Thursday, February 18, 2010

Today is our 21 anniversay.  "For better or worse."  At times I thought this was "worse", but how can it be?  We laugh, tease each other, make fun of our weaknesses in a loving and knowing way, go to the top of our local hiking mountain together (electric wheelchairs can go almost anywhere) and do almost everything that other people do.  We sometimes forget that walking and self maintenence are normal.  And, when we act as though it is no big deal, people around us seem to act the same. 

It is a big deal.  It's a huge deal.  But marriage is an amazing bond that we have been blessed with.  We care for each other so deeply that we both give.  I give sometimes to exhaustion, but what I receive restores me, gives me courage and makes me a stonger better person. 
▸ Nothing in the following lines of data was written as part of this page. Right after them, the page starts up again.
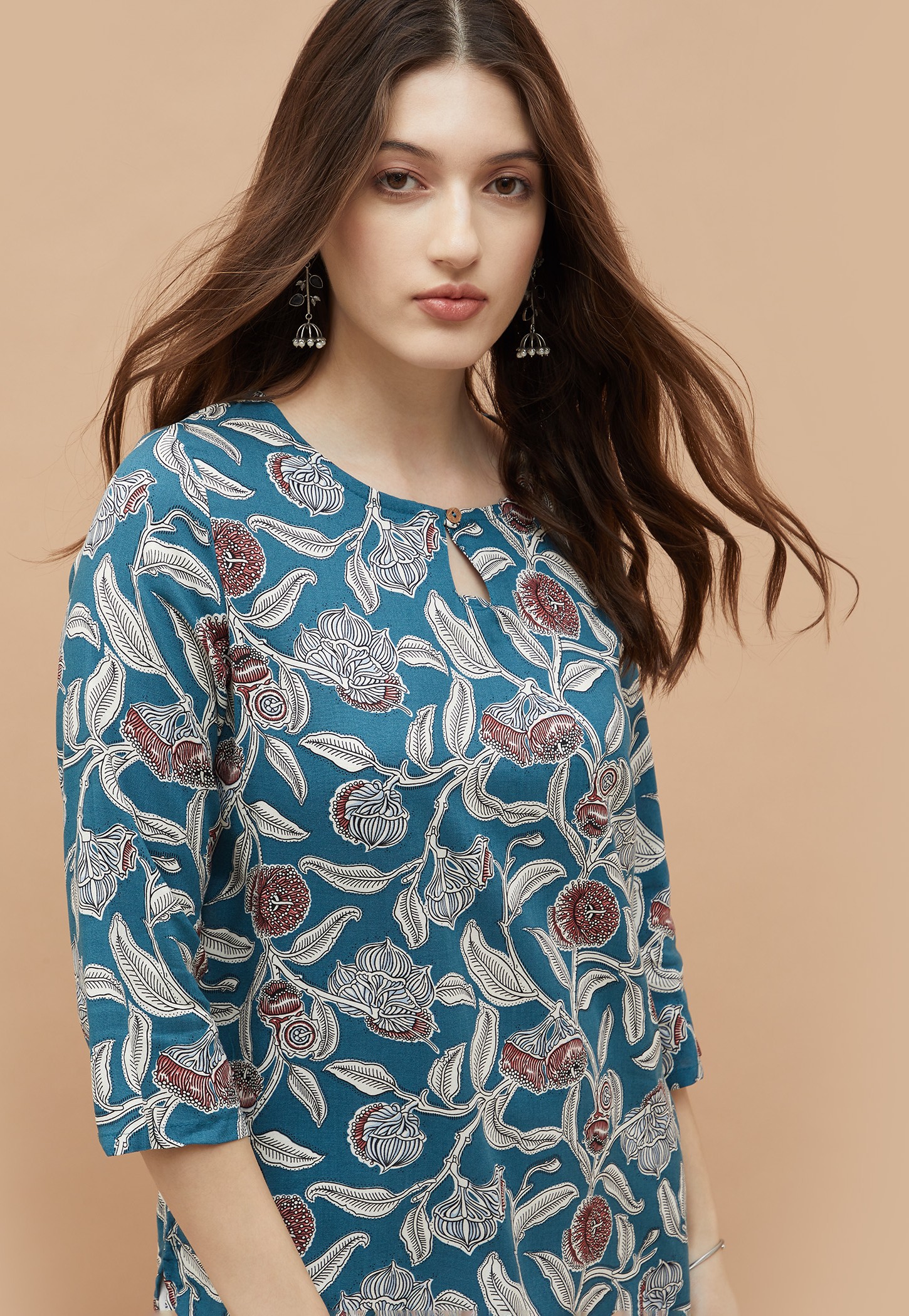 MELANGE Floral Print Key-Hole Neck Straight Kurti-picture-17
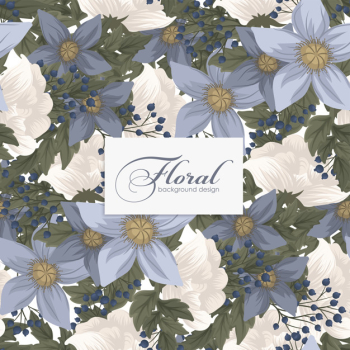 Light blue flower seamless background Free Vector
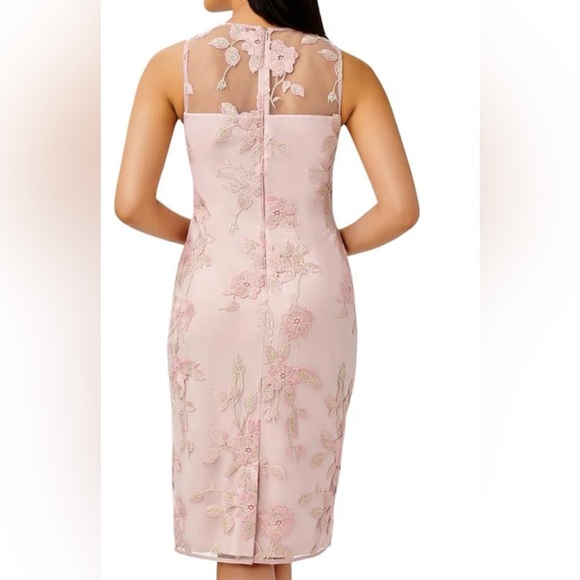 NWT Adrianna Papell Floral Embroidered Sheath Rose Gold Dress Size 12 - Picture 5 of 16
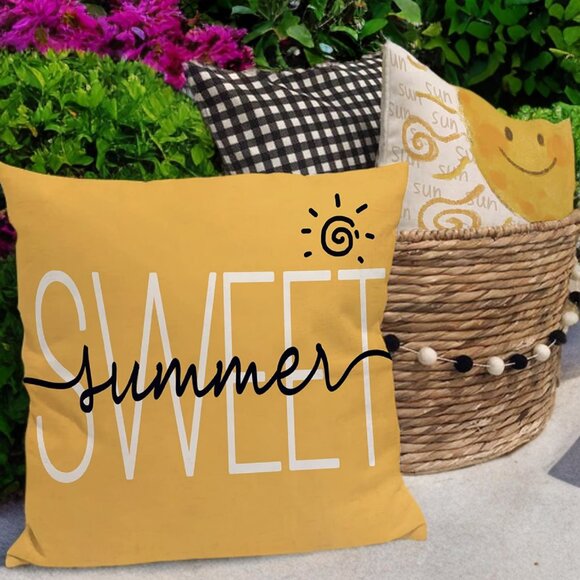 Summer Decorative Pillow Covers Throw Cases Farmhouse Accent Floral Decor 18" - Picture 2 of 4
Happy Anniversary to us.  No fine and fancy dinner and champagne, no exchange of lovely ribbon tied gifts, no steak and lobster.  Just  laughter and knowing.  Sharing and knowing.  Changing and knowing.  The best and worst of things with the best shining bright and making us realize that we have been given the gift of love. 

Monday, February 8, 2010

I'm not sure I've ever doubted the existance of God. It's just waiting that I doubt.  Waiting does not always bring the dream.  Once upon a time we dreamed big dreams.  We were high on the life of richness and high on the competency of capacity.  Work hard, mix it well with good deeds, kindness to others and a cross you drag up the very hill you eventually lose to a trustee sale, and all will come out roses and joy.  Doesn't work like that.  Just doesn't.  No one worked harder or more honest.  No one was more good to the people involved.  No one.  But God doesn't mess with stuff like that.  God is God.  God isn't really impressed with the stuff we do.  God just wants us to love him. 

We do and we did, but all the stuff we aligned ourself with is now memories and ashes.  The big house on the hill that would make us millionaires, the 30 homes that we would build with streets named after our grandchildren, the home we've lived in for 20 years, all memories and ashes.  Falling off a ladder can create a new reality.

And now our much beloved caregiver is struggling with the big C.  Cancer?  Where?  Let's test.  Not again!  Shit!  Movie night will come soon and we can forget just for an evening that we are human and will succumb to all the stuff that we humans do.  That's why I still believe in God.  Now, I see in a mirror dimly, but then, I will know.  I will know the truth that is reserved for those who wait.  The wait is not so bad.